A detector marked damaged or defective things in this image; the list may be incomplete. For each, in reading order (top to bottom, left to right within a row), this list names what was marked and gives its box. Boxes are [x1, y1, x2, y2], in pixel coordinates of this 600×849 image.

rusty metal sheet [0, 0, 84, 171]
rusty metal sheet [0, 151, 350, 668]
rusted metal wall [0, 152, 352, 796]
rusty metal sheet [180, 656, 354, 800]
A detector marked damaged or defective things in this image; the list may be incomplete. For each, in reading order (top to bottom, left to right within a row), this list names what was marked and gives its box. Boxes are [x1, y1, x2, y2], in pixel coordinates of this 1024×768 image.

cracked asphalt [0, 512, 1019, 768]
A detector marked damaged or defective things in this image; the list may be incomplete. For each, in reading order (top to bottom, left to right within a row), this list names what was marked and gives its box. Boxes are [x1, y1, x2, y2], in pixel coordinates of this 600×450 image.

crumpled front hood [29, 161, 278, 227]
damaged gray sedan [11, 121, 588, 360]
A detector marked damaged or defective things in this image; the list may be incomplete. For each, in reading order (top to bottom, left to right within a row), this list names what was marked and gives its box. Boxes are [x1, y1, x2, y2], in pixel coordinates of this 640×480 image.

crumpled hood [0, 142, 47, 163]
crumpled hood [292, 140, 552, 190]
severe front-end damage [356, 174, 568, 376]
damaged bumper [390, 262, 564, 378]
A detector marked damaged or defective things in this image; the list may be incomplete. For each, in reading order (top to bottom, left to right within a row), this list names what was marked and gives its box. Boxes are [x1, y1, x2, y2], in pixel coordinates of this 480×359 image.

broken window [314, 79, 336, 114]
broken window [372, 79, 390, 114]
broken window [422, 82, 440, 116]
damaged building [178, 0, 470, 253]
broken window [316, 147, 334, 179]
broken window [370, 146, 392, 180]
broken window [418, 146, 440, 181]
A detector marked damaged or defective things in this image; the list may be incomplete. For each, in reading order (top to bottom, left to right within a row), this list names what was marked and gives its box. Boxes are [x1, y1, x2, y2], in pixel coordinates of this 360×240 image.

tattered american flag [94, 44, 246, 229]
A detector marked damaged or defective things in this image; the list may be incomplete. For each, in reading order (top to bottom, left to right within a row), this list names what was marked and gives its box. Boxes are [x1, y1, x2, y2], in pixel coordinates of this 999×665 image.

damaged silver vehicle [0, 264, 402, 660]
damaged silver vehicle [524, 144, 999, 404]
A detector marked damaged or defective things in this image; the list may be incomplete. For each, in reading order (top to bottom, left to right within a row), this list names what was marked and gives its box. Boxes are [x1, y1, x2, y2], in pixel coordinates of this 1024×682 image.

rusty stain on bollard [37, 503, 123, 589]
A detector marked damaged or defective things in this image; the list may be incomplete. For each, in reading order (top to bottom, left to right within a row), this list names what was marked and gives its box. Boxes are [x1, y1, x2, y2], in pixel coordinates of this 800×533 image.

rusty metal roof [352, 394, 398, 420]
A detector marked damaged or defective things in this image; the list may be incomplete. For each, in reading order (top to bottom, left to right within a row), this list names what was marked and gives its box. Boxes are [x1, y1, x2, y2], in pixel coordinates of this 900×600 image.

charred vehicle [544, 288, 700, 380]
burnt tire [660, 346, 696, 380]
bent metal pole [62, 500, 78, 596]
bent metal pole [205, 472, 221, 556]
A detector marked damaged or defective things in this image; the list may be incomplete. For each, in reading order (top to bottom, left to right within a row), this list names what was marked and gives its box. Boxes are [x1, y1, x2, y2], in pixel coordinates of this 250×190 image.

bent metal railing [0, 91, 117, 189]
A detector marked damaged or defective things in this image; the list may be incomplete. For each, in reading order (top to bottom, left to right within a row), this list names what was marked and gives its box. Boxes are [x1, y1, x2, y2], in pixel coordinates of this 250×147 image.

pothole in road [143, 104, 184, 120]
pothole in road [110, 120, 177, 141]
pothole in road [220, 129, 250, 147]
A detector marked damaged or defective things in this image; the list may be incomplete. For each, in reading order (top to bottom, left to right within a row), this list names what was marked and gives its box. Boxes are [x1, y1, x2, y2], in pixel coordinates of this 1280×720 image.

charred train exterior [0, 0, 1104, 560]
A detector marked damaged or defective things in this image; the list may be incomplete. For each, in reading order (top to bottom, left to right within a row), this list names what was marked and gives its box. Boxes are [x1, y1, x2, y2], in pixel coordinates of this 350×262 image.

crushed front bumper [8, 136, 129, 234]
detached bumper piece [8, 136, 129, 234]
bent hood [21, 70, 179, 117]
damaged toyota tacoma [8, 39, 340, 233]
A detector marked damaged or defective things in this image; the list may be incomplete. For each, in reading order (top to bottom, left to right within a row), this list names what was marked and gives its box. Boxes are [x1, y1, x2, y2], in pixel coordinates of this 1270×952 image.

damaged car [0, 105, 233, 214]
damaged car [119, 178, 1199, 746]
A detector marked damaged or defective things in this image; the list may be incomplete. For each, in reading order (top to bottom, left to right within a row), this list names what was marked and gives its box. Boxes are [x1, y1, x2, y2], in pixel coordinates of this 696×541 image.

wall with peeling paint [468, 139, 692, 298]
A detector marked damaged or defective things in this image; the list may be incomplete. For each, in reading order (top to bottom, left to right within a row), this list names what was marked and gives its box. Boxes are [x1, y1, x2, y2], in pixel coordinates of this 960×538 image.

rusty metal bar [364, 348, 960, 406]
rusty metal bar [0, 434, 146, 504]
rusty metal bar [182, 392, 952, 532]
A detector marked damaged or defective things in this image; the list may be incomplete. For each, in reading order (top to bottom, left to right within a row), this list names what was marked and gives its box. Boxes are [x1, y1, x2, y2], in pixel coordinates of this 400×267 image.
== == ==
→ **Activity**
Word for word, copy out the records.

→ **Solved problem**
A detector marked damaged or defective things in this image; the list may be incomplete. For each, in reading order (top to bottom, left to right within a row), this list names what was marked and gives its box. Boxes are [x1, y1, x2, y2], in pixel coordinates of this 600×849 image.

rusty metal sheet [0, 0, 84, 171]
rusty metal sheet [0, 151, 350, 668]
rusted metal wall [0, 152, 352, 796]
rusty metal sheet [180, 656, 354, 800]
A detector marked damaged or defective things in this image; the list may be incomplete. For each, in reading order (top to bottom, left to right within a row), this list names what was marked and gives its box. Boxes are [x1, y1, x2, y2], in pixel coordinates of this 1024×768 image.

cracked asphalt [0, 512, 1019, 768]
A detector marked damaged or defective things in this image; the list may be incomplete. For each, in reading order (top to bottom, left to right within a row), this list names what was marked and gives its box. Boxes are [x1, y1, x2, y2], in pixel coordinates of this 600×450 image.

crumpled front hood [29, 161, 278, 227]
damaged gray sedan [11, 121, 588, 360]
A detector marked damaged or defective things in this image; the list may be incomplete. For each, in reading order (top to bottom, left to right within a row), this list names what was marked and gives its box. Boxes are [x1, y1, x2, y2], in pixel coordinates of this 640×480 image.

crumpled hood [0, 142, 47, 163]
crumpled hood [292, 140, 552, 190]
severe front-end damage [356, 174, 568, 376]
damaged bumper [390, 262, 564, 378]
A detector marked damaged or defective things in this image; the list may be incomplete. For each, in reading order (top to bottom, left to right within a row), this list names what was marked and gives its box. Boxes are [x1, y1, x2, y2], in pixel coordinates of this 480×359 image.

broken window [314, 79, 336, 114]
broken window [372, 79, 390, 114]
broken window [422, 82, 440, 116]
damaged building [178, 0, 470, 253]
broken window [316, 147, 334, 179]
broken window [370, 146, 392, 180]
broken window [418, 146, 440, 181]
A detector marked damaged or defective things in this image; the list may be incomplete. For each, in reading order (top to bottom, left to right within a row), this list names what was marked and gives its box. Boxes are [x1, y1, x2, y2], in pixel coordinates of this 360×240 image.

tattered american flag [94, 44, 246, 229]
A detector marked damaged or defective things in this image; the list may be incomplete. For each, in reading order (top to bottom, left to right within a row), this list names what was marked and gives its box. Boxes are [x1, y1, x2, y2], in pixel coordinates of this 999×665 image.

damaged silver vehicle [0, 264, 402, 660]
damaged silver vehicle [524, 144, 999, 404]
A detector marked damaged or defective things in this image; the list may be incomplete. For each, in reading order (top to bottom, left to right within a row), this list names what was marked and gives its box. Boxes are [x1, y1, x2, y2], in pixel coordinates of this 1024×682 image.

rusty stain on bollard [37, 503, 123, 589]
A detector marked damaged or defective things in this image; the list may be incomplete. For each, in reading order (top to bottom, left to right within a row), this list names what was marked and gives its box. Boxes are [x1, y1, x2, y2], in pixel coordinates of this 800×533 image.

rusty metal roof [352, 394, 398, 420]
A detector marked damaged or defective things in this image; the list may be incomplete. For each, in reading order (top to bottom, left to right within a row), this list names what was marked and gives its box. Boxes are [x1, y1, x2, y2], in pixel coordinates of this 900×600 image.

charred vehicle [544, 288, 700, 380]
burnt tire [660, 346, 696, 380]
bent metal pole [62, 500, 78, 596]
bent metal pole [205, 472, 221, 556]
A detector marked damaged or defective things in this image; the list may be incomplete. For each, in reading order (top to bottom, left to right within a row), this list names what was marked and gives its box. Boxes are [x1, y1, x2, y2], in pixel coordinates of this 250×190 image.

bent metal railing [0, 91, 117, 189]
A detector marked damaged or defective things in this image; the list may be incomplete. For each, in reading order (top to bottom, left to right within a row), this list names what was marked and gives its box. Boxes are [x1, y1, x2, y2], in pixel coordinates of this 250×147 image.

pothole in road [143, 104, 184, 120]
pothole in road [110, 120, 177, 141]
pothole in road [220, 129, 250, 147]
A detector marked damaged or defective things in this image; the list may be incomplete. For each, in reading order (top to bottom, left to right within a row), this list names what was marked and gives its box. Boxes are [x1, y1, x2, y2], in pixel coordinates of this 1280×720 image.

charred train exterior [0, 0, 1104, 560]
A detector marked damaged or defective things in this image; the list may be incomplete. For each, in reading order (top to bottom, left to right within a row), this list names what was marked and gives its box. Boxes are [x1, y1, x2, y2], in pixel coordinates of this 350×262 image.

crushed front bumper [8, 136, 129, 234]
detached bumper piece [8, 136, 129, 234]
bent hood [21, 70, 179, 117]
damaged toyota tacoma [8, 39, 340, 233]
A detector marked damaged or defective things in this image; the list may be incomplete. For each, in reading order (top to bottom, left to right within a row), this list names what was marked and gives its box. Boxes are [x1, y1, x2, y2], in pixel coordinates of this 1270×952 image.

damaged car [0, 105, 233, 214]
damaged car [119, 178, 1199, 746]
A detector marked damaged or defective things in this image; the list may be incomplete. For each, in reading order (top to bottom, left to right within a row), this list names what was marked and gives its box. Boxes are [x1, y1, x2, y2], in pixel coordinates of this 696×541 image.

wall with peeling paint [468, 139, 692, 298]
A detector marked damaged or defective things in this image; the list may be incomplete. For each, in reading order (top to bottom, left to right within a row), this list names what was marked and gives its box. Boxes are [x1, y1, x2, y2], in pixel coordinates of this 960×538 image.

rusty metal bar [364, 348, 960, 406]
rusty metal bar [0, 434, 146, 504]
rusty metal bar [182, 392, 952, 532]
A detector marked damaged or defective things in this image; the list may be incomplete. For each, in reading order (top to bottom, left to right within a row), this list names what was marked and gives its box. Boxes are [x1, y1, x2, y2], in pixel coordinates of this 400×267 image.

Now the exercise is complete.